We have two dogs and the only times they act out is when they aren't feeling well, we've changed something (the Christmas tree freaked them out for a few days), or if they've been given a new toy and are very protective of it. I would take your dog to a trainer or try to see if the dog reacts differently depending on how you react to the situation. Dogs due sense pregnancy, but from what I've researched they tend to be more protective, not aggressive, at least towards you.
We also have a big rescue dog who has been a lot of work but is a member of the family and we wouldn't give him up for the world. Make sure you're still spending time with him the way you used to - I'm in the "what's changed?" camp as well.

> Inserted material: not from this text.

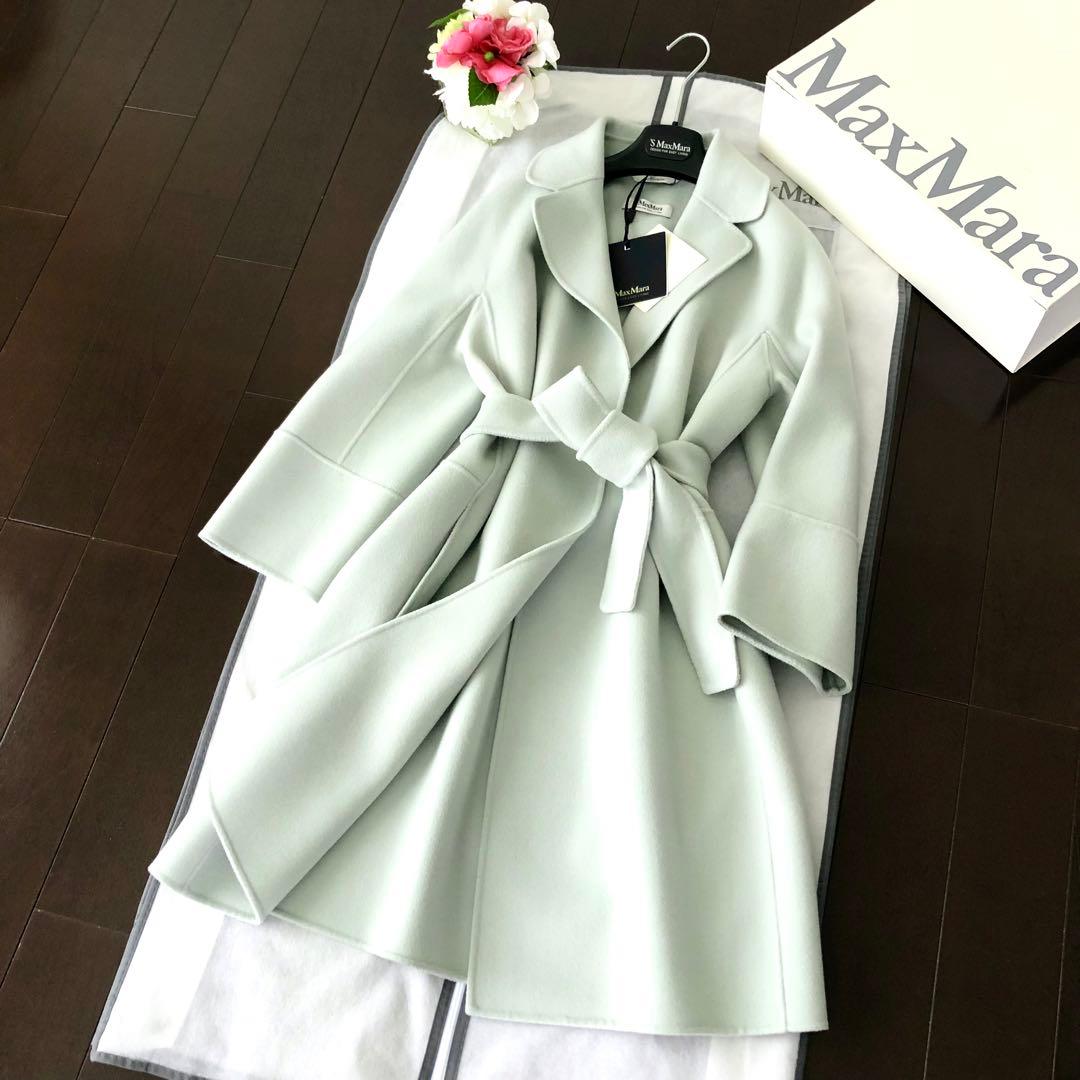 新品タグ付‼️【マックスマーラ】2026年新作カラー　40パウダーブルーグリーン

It is time to change up his routine and have dad take on more dog duties, as well as socialize him with as many kids as possible. I don't know if moving him to the basement is making him feel like an outcast - and agree that working with a reputable trainer now is your best bet!
I feel your frustration. Since getting pregnant my Australian Shepherd has become aggressive. Not towards me, or my husband- he is being overly protective of us. It's everything and everyone else he feels the need to protect us from. I brought him to the vet yesterday, updated all of his shots, and spoke to the vet. She recommended we seek out a behavior specialist after discussing his naughtiness at great length. Unfortunately she doesn't think a behavior specialist will be able to help, and pretty much recommended me to just get rid of him before the baby comes. I'm not ready to give up. While waiting for the package in the mail from the vet with the behavior specialist recommendation and such, we are doing our own thing: long walks (2.5 miles x2/day) taking all of his toys, beds, etc from upstairs and moving it to the basement. Confining him to the basement to sleep (vs our bedroom floor), and if we leave during the day.
Speaking with my GF who is a vet today to see if she has any other insights as to what to do. I worked at Petsmart as a trainer for basic obedience so I know a few tricks, but it's not training related for me.
Hopefully you will have some luck!!!! Speak to a vet, trainer, etc. Having doggy issues is frustrating and saddening. Just remember- sometimes there is nothing you can do. Sometimes the situation cannot be resolved because of the dogs' relationship with you. The cycle can be hard to break and take a long long time. Although I am a firm believer in the thought that pets are forever, there are circumstances such as safety that change that rule-- especially if your dog is large enough to harm or kill your baby. If you can't give the dog the attention and training they need, sometimes it's best to find a place where that healthy environment can be fostered. Your dog will thank you.
There are lots of things you could try here! One that made a big difference for us was only feeding our pup after our meals were done. He has to wait. And his bowl is picked up in 20 minutes or so, even if he's not done. It helps to reinforce the pack order, since animals would eat based on their pecking order in the wild.
I know that my poor pups are having a few behavior issues because they're not getting enough exercise now. I'm often too tired to take them for walks like I used to. Maybe that's the problem here?
Re: Dog problems?
Agree with calling a trainer. Get that sorted before baby gets here or you'll be putting up one of those ads of having to choose baby over family pet.
And like other pps have said, maybe something in the environment changed or call a trainer if all else fails.